はじめに
本県の茶生産において、担い手の高齢化や後継者不足が深刻化するなか、将来的にも全国に誇れる茶産地としての位置づけを確固たるものにするため、茶生産の機械化が全県的に推進されてきました。その結果、地形的にも恵まれた県内茶園では飛躍的に機械化が進み、全茶園のほぼ25%にあたる約800haが機械化される見込みとなり、南九州を除く茶産地府県のなかでは最も進んだ茶産地となりました。
また、地球的な環境に対する危機感が強まる一方、最近では食品の安全・安心に対する消費者のニーズが急速に高まってきました。
こうした状況から、茶生産においても産業としての持続的発展を求め、生産性や収益性を追求していくのはもちろんですが、同時に「食品生産業」としての自覚を再確認し、消費者に安全・安心を提供するとともに生活者とも協調しながら生産活動を行っていくよう求められています。
茶園管理のための研究は古くから国をはじめ各生産府県において行われてきており、様々なことが明らかになってきています。しかし、土地利用型の永年樹で、しかも新芽という栄養生長器官を収穫する「茶」の特質から、まだまだわからないことも数多くあります。一方、茶樹は比較的多様な栽培環境に対する適応力が強く、精密な管理をしなくても生産が可能なことから、ややもすると茶樹やその周辺環境に必要以上の負荷を与えてきたのかもしれません。

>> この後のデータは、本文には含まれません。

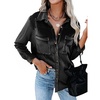 image:imageCicy Bell Womens Velvet Shirts Casual Long Sleeve Tops Fall Shacket JacketBlack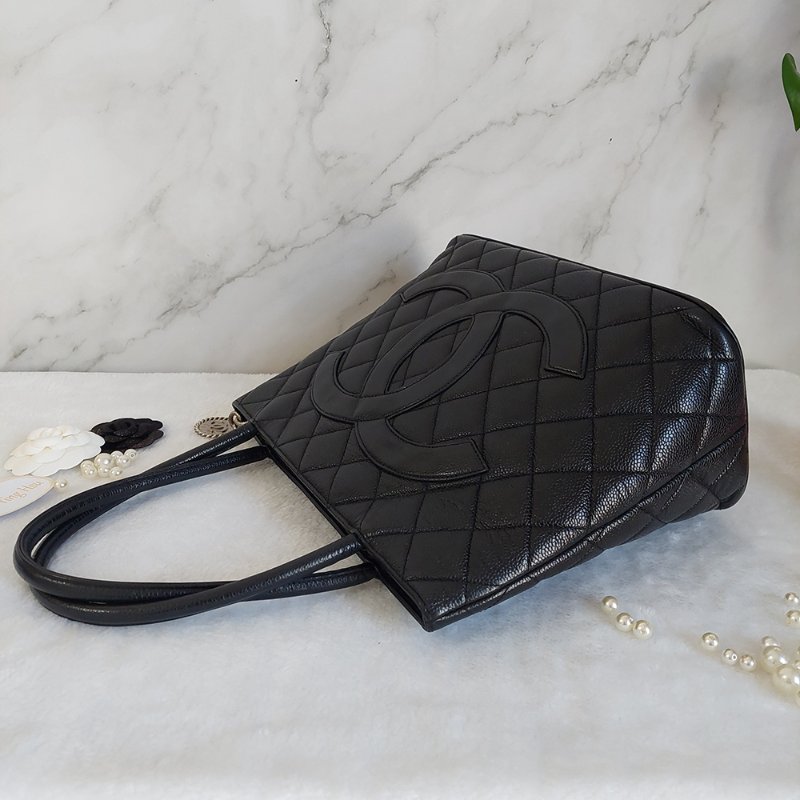 CHANEL 香奈兒 Vintage🎀現品實拍🎀絕版 希爾頓 (銀)金幣包 ~二手經典款-14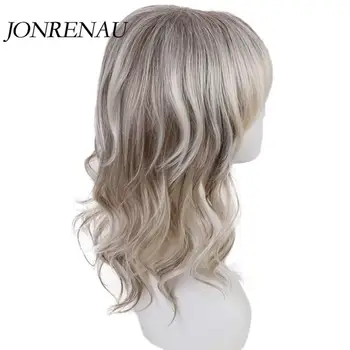 JONRENAU 14 inches Blonde Mix Brown Color Long Curly Wave Synthetic Wigs Blend 50% Human Hair Mix Wig for Women
JONRENAU 14 inches Blonde Mix Brown Color Long Curly Wave Synthetic Wigs Blend 50% Human Hair Mix Wig for Women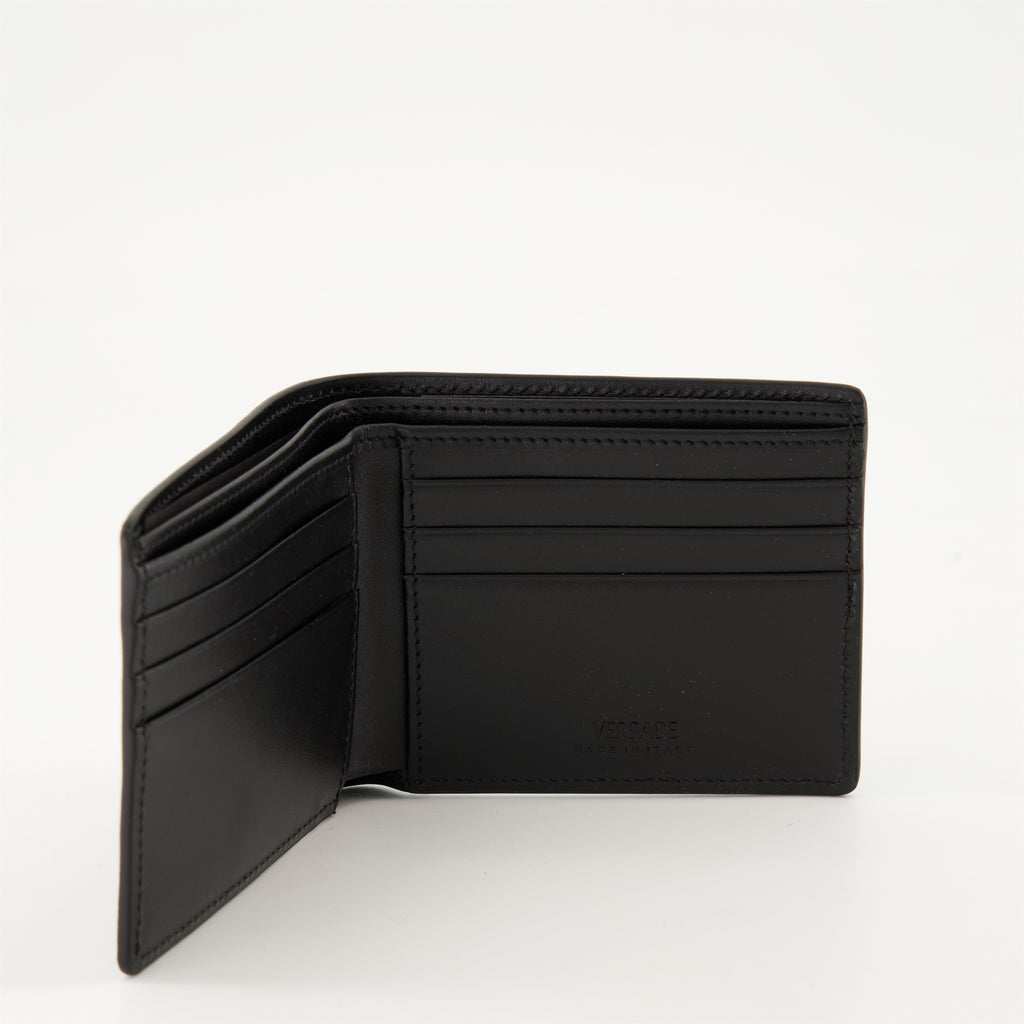 Kleine lederwaren Medusa Biggie Geldbörse Versace Schwarz Homme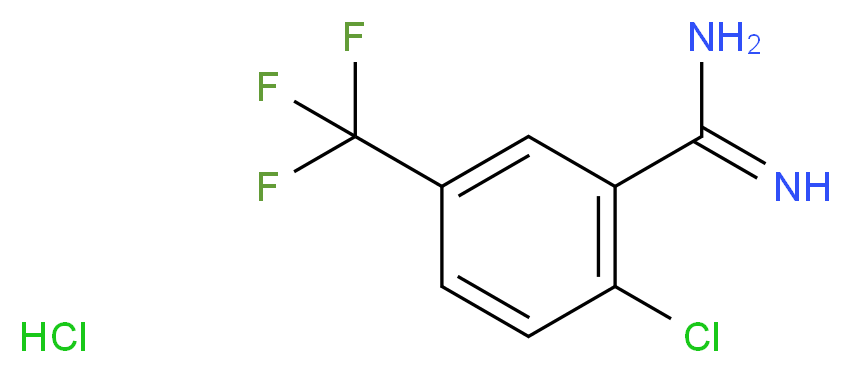 2-CHLORO-5-TRIFLUOROMETHYL-BENZAMIDINE HYDROCHLORIDE_分子结构_CAS_1171628-53-7)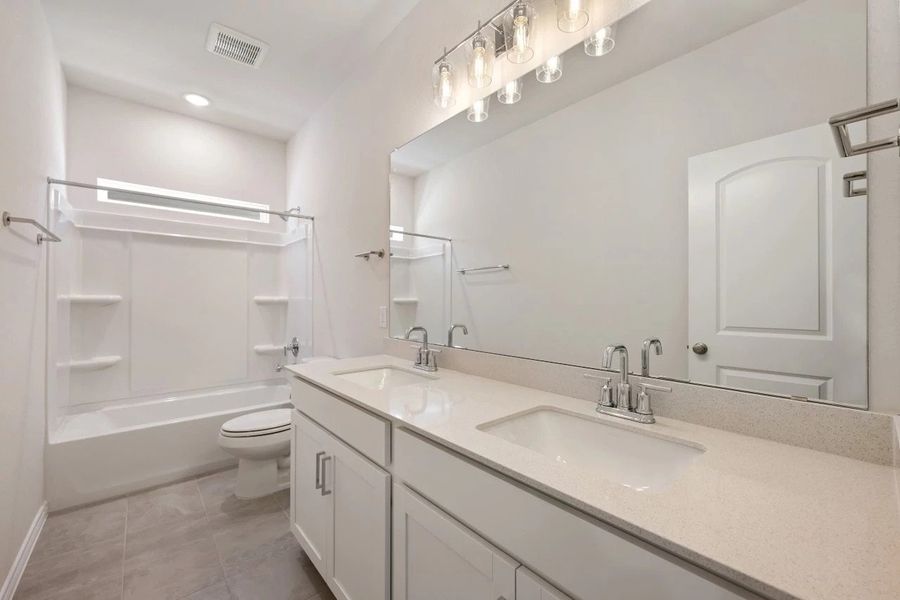 Furnished interior view inside a new home in Lariat, Liberty Hill (Image 30). Furnished interior view inside a new home in Lariat, Liberty Hill (Image 30).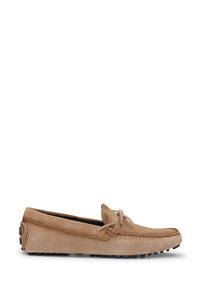 Driver leather loafers - Medium Beige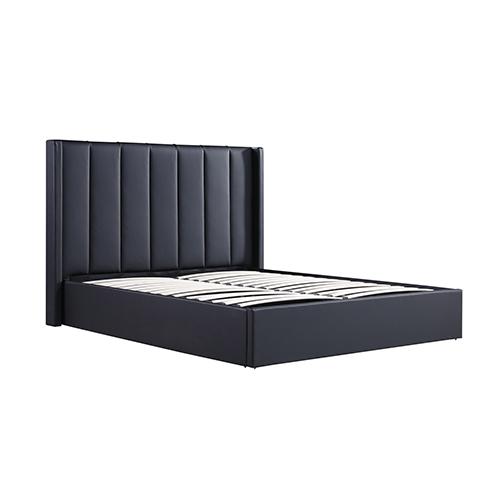 Prado Gas Lift Queen Bed Frame Non-woven Fabric MDF KD Slats — image 3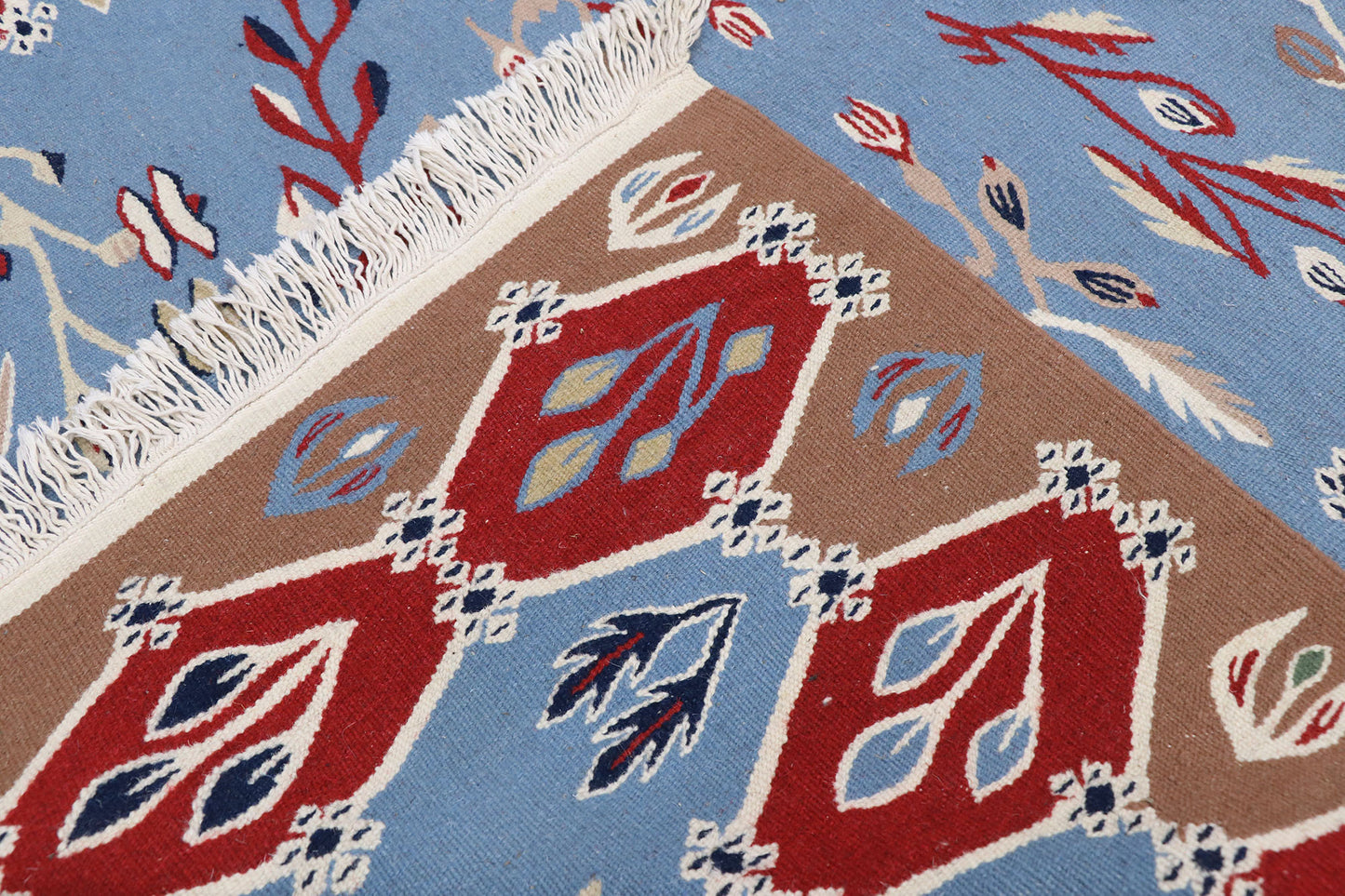 4 x 6 Vintage Oltenian Romanian Kilim Rug 78048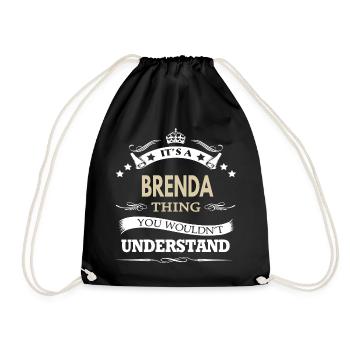 Its A Brenda Thing You Wouldnt Understand Funny - Drawstring Bag - black - Front
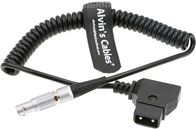 2 Pin Lemo To D-TAP Power Coiled Cable for Bartech Focus Device Receiver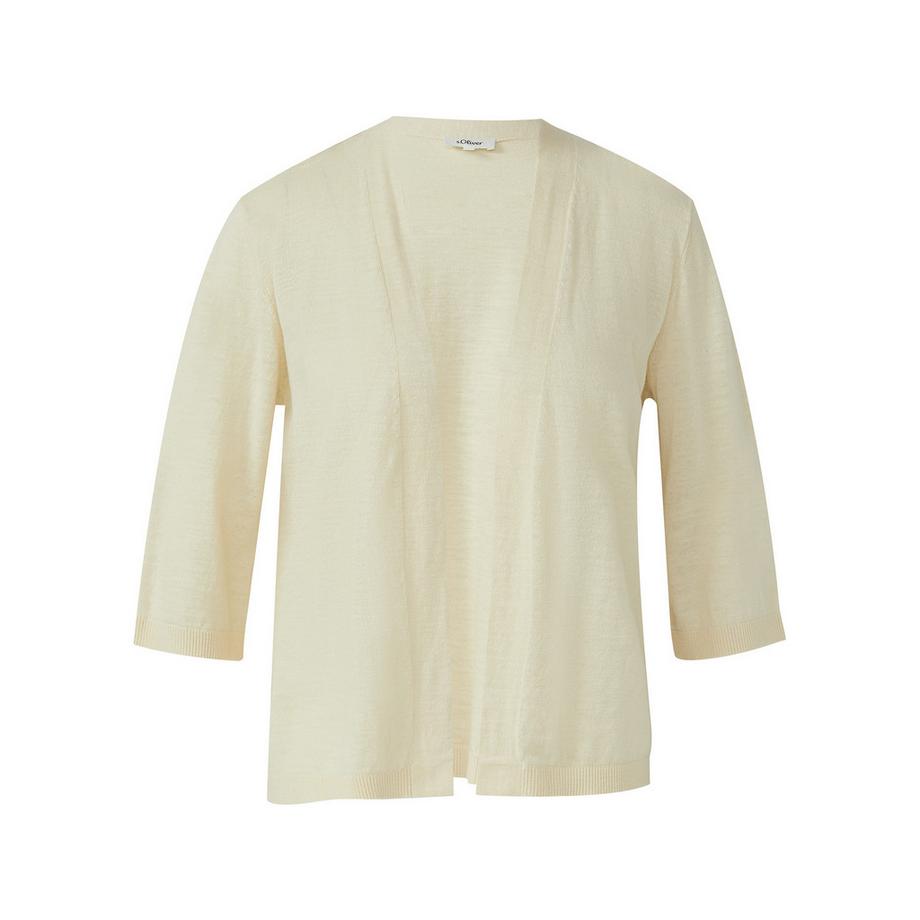 Veste longue en tricot, manches longues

これらのことを踏まえ、本冊子はそれぞれの管理の位置づけを再確認し、基本的に明らかにされている科学的な知見からどのような茶園管理体系を実践していくかを模索する「参考書」として活用いただくことを目的として編集しました。急変しつつある茶生産環境に対応するため、より合理的な茶園管理を農業者の皆さんが実践するために本冊子が活用され、本県茶業の永続的な発展につながりますことを期待しております。